Em 16 de março deste ano prometi que votaria no candidato que, antes de qualquer coisa, priorizasse as questões educacionais do Brasil. Este ano, em decorrência dos ataques do PCC, e a mando dos publicitários, a palavra "emprego" deve ser substituída pela palavra "segurança", talvez "justiça", vide tanta corrupção. Até hoje tinha a certeza que votaria nulo em outubro próximo. Porque Lula, não preciso mais me explicar, não tem condições. Alckmin apertou a mão de muita gente feia para poder se candidatar. Garotinho seria uma volta à idade média. E Heloísa Helena, ao que aparenta, é só apertar que ela se perde. Já vi até líder de DCE entrevistando a senadora e a tirando de tempo em várias sinucas de bico.
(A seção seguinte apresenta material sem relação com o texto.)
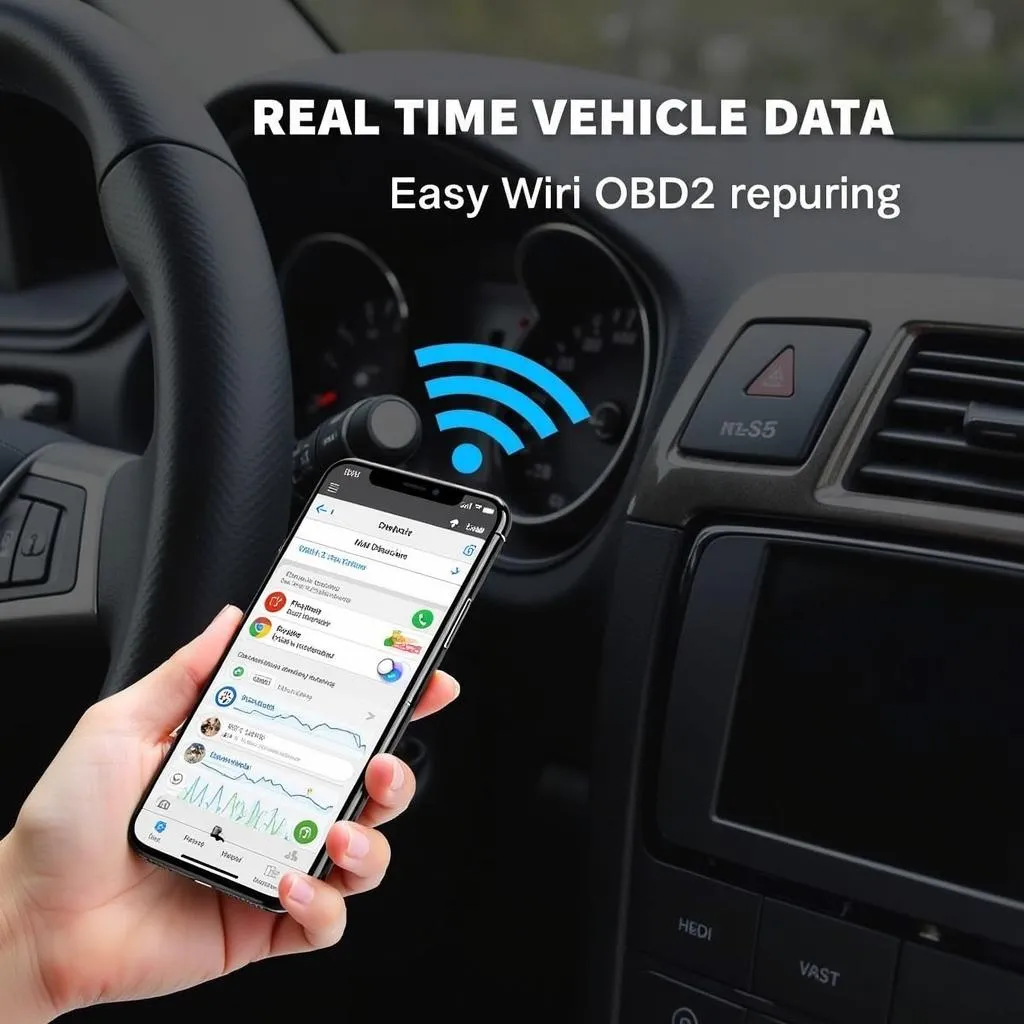 Smartphone Connected to LKC WiFi OBD2 Scanner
Porém, contudo, todavia, entretanto…
Hoje Cristovam Buarque lançou sua candidatura à presidência com um discurso que me tocou. E foi simples. Disse que sua candidatura buscará prioritariamente salvar a educação brasileira e alimentar muita pesquisa científica e/ou tecnológica. Ele podia ter prometido emprego, justiça, segurança, moradia, fome zero… Mas não: prometeu botar o brasileiro para estudar. E brasileiro odeia estudar. Esse cara é louco, pensei. E, na seqüência, conclui: eis meu candidato.
Ok, ok, ok… Quem é Cristovam Buarque no jogo do bicho? Não sei tanto da sua vida quanto gostaria. A primeira notícia que tive dele o colocava como um defensor da soberania brasileira sobre a Amazônia em spam que todos receberam no início da década, calando a boca de um estudante gringo. Anos mais tarde, soube que fora demitido do Ministério da Educação de Lula por telefone, com a desculpa de que sua forma de pensar e trabalhar não combinavam com a do governo. Hoje entendo que Lula poderia estar dizendo algo como: "ele é honesto demais para estar aqui". Mas posso estar enganado. Há pouco descobri sua admiração por Brizola. Um cara que, quando criança, por conta de sua antipatia, costumava odiar. Hoje entendo que se tratava de um caso público de "ou ame ou odeie". Um político que lutava com raiva. Que eu nem sei dizer se gosto ou não por não ter vivido bem sua época. Mas que aparenta ser bem melhor do que muitos dos que temos por aí.
Enfim… Ainda tenho quatro meses para investigar melhor a vida do Cristovam e descobrir se não estou mais uma vez sendo enganado. Apenas sei que ele deu sua partida com o pé direito. E, quer queira ou não, já ganhou meu interesse em conhecer melhor suas propostas, seu passado, presente e futuro. Não quero aqui pedir voto de ninguém a ninguém. Mas apenas que busquem conhecê-lo melhor antes de tomar qualquer decisão.